▸ GOAL OF THE EXERCISE: In the reply, give back exactly the lines from the one with "Vintage VHS Christian" through the last line of the records, without pictures.
>>>>>
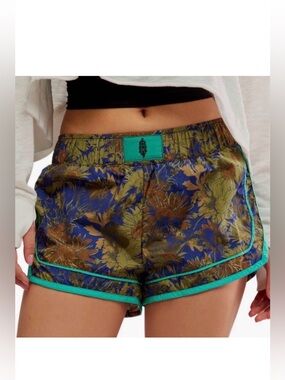 FREE PEOPLE MOVEMENT VARSITY BLUES PRINT ATHLETIC SHORTS - NWT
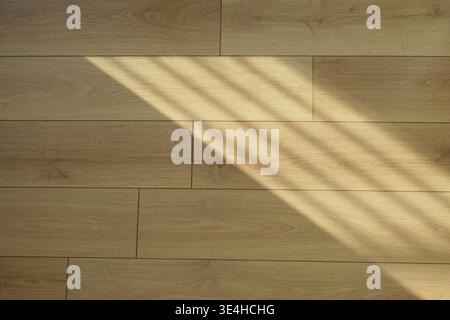Motif lumineux sur plancher en bois de la fenêtre pendant la journée Banque D'Images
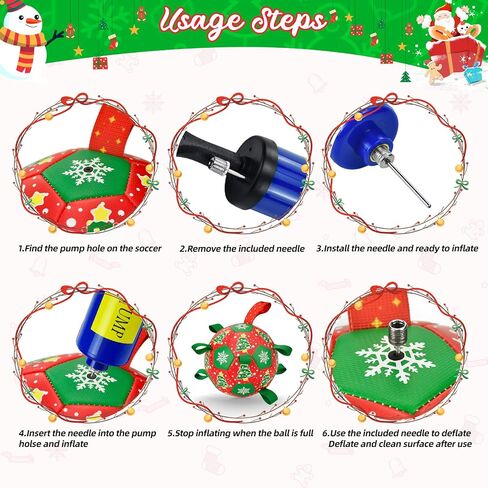 Christmas Soccer Ball Dog Toy with Straps Dog Interactive Play Balls for Tug of War Christmas Tree & Snowflower Pattern Dog Soccer Ball for Small Medium Big Size Dog (8 inches) in Saudi Arabia
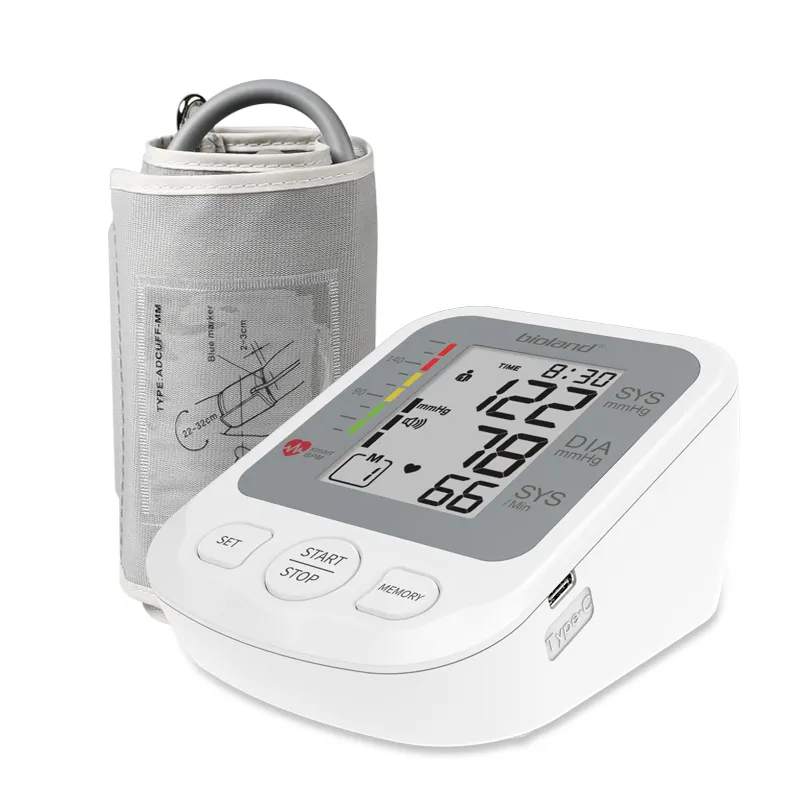 Monitor digital de presión arterial con memoria grande, pantalla grande que muestra el tiempo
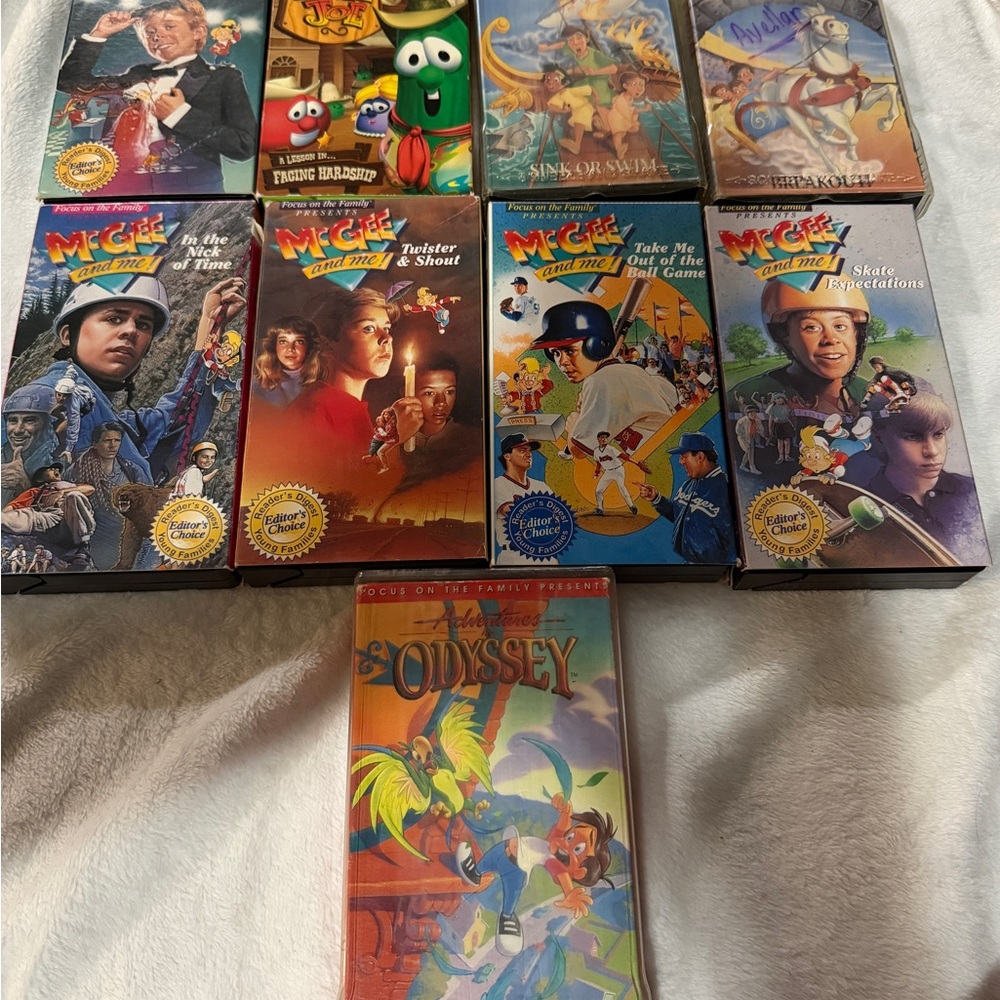 Vintage VHS Christian Collection. Including veggie tales and McGee and me.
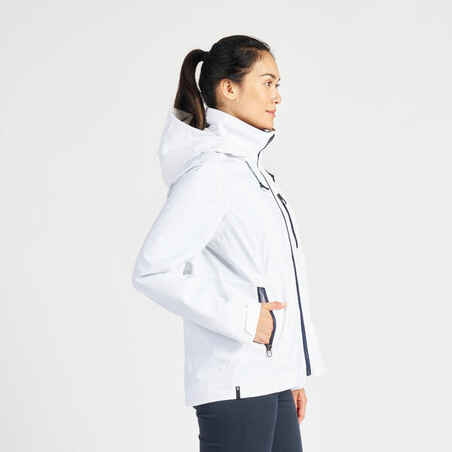 Women's sailing waterproof windproof jacket SAILING 300 - White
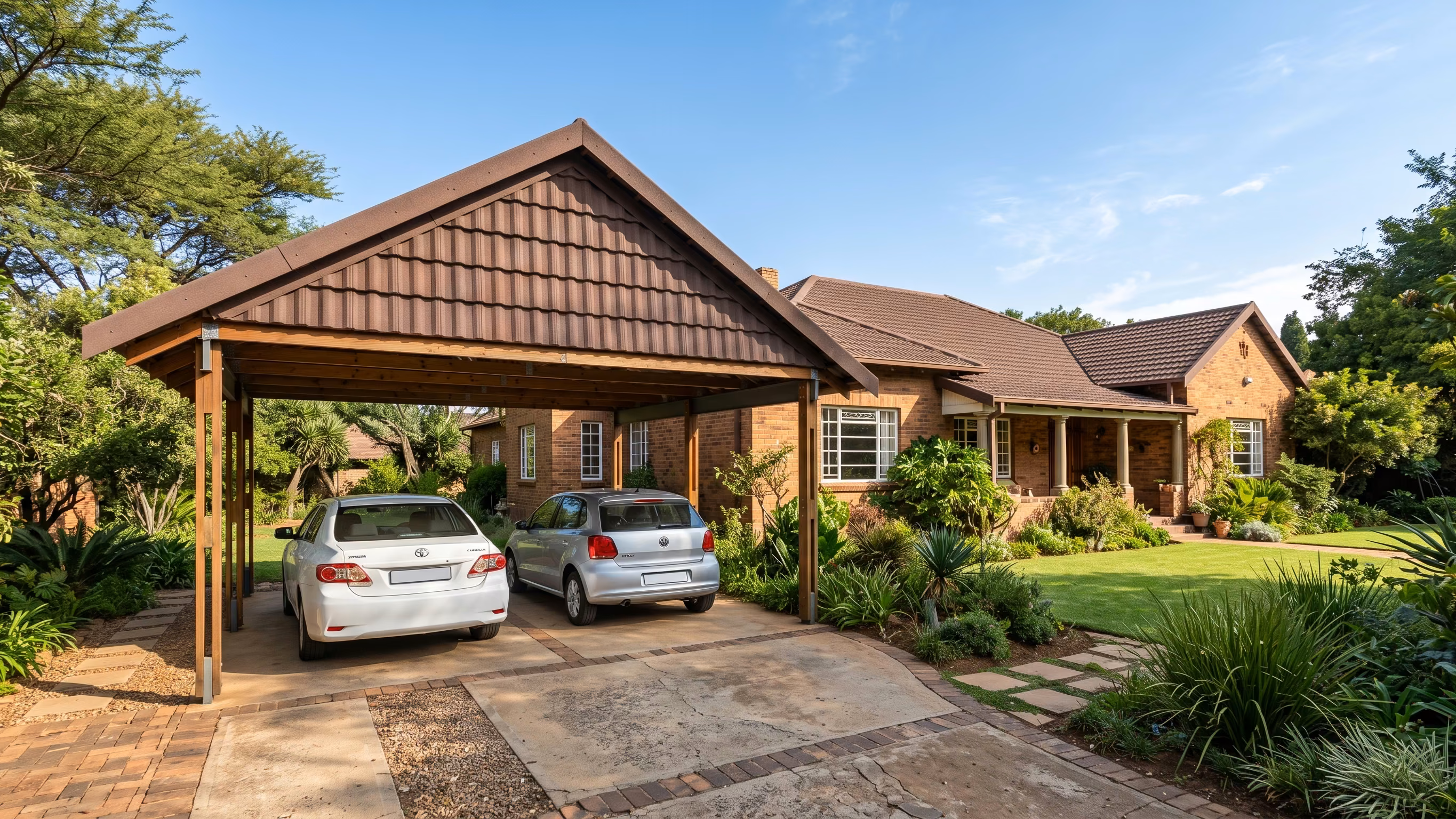 Pitched gable carport with a tiled-profile roof matching a face-brick Johannesburg house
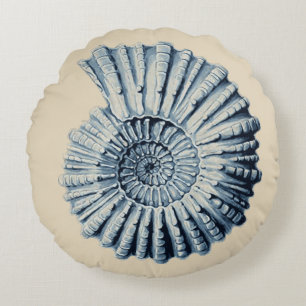 Beachy Coastal Blue Spiral Seashell Round Pillow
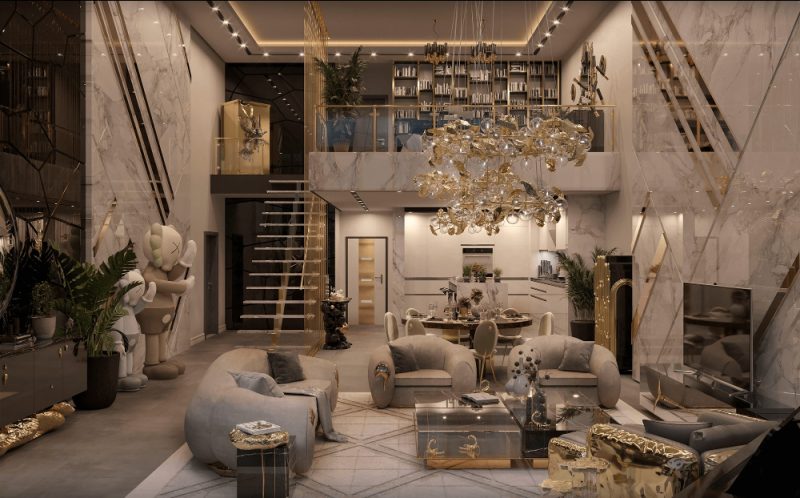 california home decor - luxurious living room with plants, sofas and armchairs, coffee table, a TV, dining table and chairs, sideboard, hanging lamp, stairs, a golden safe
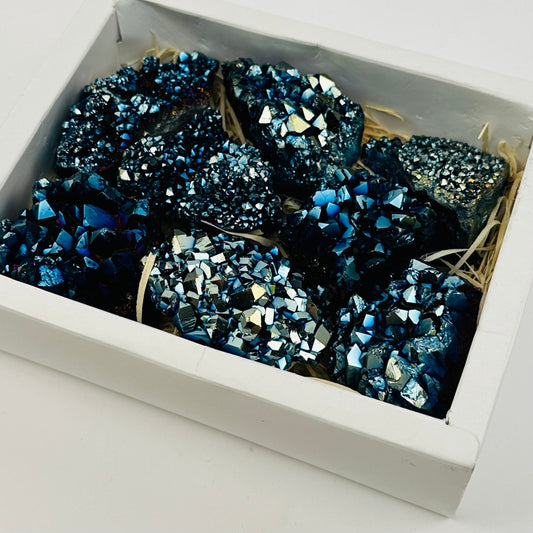 mystic blue titanium coated amethyst crystals in flat box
<<<<<
▸ PROBLEM SOLUTION:
 Vintage VHS Christian Collection. Including veggie tales and McGee and me.
 Women's sailing waterproof windproof jacket SAILING 300 - White
 Pitched gable carport with a tiled-profile roof matching a face-brick Johannesburg house
 Beachy Coastal Blue Spiral Seashell Round Pillow
 california home decor - luxurious living room with plants, sofas and armchairs, coffee table, a TV, dining table and chairs, sideboard, hanging lamp, stairs, a golden safe
 mystic blue titanium coated amethyst crystals in flat box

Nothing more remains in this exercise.